Assigned task:
Please write out only the lines running from the one with "Bannare un utente" through the last line of the listing, each exactly as given.

Available data:

══════

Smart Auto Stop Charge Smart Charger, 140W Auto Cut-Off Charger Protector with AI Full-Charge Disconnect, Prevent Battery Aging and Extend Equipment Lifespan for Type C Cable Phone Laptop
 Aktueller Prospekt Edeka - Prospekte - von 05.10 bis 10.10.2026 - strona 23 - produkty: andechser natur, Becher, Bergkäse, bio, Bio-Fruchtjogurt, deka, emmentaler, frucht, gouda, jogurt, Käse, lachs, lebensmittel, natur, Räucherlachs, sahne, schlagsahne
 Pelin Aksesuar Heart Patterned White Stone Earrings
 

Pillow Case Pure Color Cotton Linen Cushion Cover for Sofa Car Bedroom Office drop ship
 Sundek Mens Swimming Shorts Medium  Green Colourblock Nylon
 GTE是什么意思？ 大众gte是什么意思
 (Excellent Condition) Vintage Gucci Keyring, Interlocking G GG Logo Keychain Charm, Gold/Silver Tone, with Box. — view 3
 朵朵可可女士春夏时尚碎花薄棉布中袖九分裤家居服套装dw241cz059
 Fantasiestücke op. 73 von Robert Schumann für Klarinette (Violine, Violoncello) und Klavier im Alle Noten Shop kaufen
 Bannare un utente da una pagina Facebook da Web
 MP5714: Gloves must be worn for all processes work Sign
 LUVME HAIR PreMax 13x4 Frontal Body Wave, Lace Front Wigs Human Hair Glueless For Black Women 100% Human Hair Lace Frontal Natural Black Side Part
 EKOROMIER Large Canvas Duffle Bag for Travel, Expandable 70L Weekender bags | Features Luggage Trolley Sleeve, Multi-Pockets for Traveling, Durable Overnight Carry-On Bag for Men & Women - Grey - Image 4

══════

Task output:
 Bannare un utente da una pagina Facebook da Web
 MP5714: Gloves must be worn for all processes work Sign
 LUVME HAIR PreMax 13x4 Frontal Body Wave, Lace Front Wigs Human Hair Glueless For Black Women 100% Human Hair Lace Frontal Natural Black Side Part
 EKOROMIER Large Canvas Duffle Bag for Travel, Expandable 70L Weekender bags | Features Luggage Trolley Sleeve, Multi-Pockets for Traveling, Durable Overnight Carry-On Bag for Men & Women - Grey - Image 4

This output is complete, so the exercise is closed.